Creating Peace in Public

When I go out in public it feels like a magical, spiritual experience. People are so nice to me. They start up meaningful conversations and ask about and compliment our children. I often have cashiers give me deals or take a percent off my bill for no reason other than that they like me, I think. I’m bragging about this so that you can take part in experiencing strangers at their best. How do I achieve this?
The first step is to understand that all people have the potential to love and be joyful. I ask myself “What do I want to inspire out of people?”.
My body language, my tone and my questions are capable of inciting frustration or a desire to help me.
The second thingis to know that people are doing their best with what they have right now. You are capable of giving them more. If they seem crabby or hurried or are making mistakes, it’s not because of me and it is not intentionally perpetrated against me. They may be having a hard day, or a hard life and all the more reason to be extra gentle with them.
The third thing is to consider your words. Use words that demonstrate understanding and a desire to come to a conclusion. I do this by simply describing the problem, there’s no need for judgment or harsh tones. At a restaurant I would say “Hi. I ordered the Hawaiian pizza and I got liver and onions. “. I leave it at that to see what they say. Most often people will want to correct the problem especially if you are kind about it. When I’m returning something that’s broken or I just want to exchange it, if it’s seeming unlikely that they will do it, I’ll just ask “What can we do about it?” rather than place blame or insist I get my way. It also empowers people to gve good customer service and to come up with a solution. I think people often go in frustrated with their product and they identify the employee as the reason for the frustration. The employee usually has nothing to do with the manufacturing process.

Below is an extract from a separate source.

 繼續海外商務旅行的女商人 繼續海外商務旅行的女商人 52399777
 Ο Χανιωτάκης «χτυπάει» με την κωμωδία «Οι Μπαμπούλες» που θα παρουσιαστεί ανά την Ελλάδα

Dealing with what you see as an injustice against children: Quite often I come across a parent who is obviously stressed and it is manifesting in what is frustration and aggression with the child. I smile and breath and remind myself that they are doing their best. A harsh look or comment would only further the parents feelings of isolation and anger. Simply harnessing the understanding that they have the potential for joyful parenting often will help the situation alone. Sometimes I will ask “Can I help?”. Or I will say “It’s ok.”. That seems to really help sometimes. I think because we worry so much about what other people think, this tells the stranger that your not judging them. It means that I accept the situation and their feelings. It’s common for strangers to ask me for advice with their children. I think
I’ll start carrying business cards to give out so I can continue to connect with these strangers.
The last thing is make eye contact and say hello. Too much we walk around like other people don’t exist. Draw people out of it with your head up and your heart open.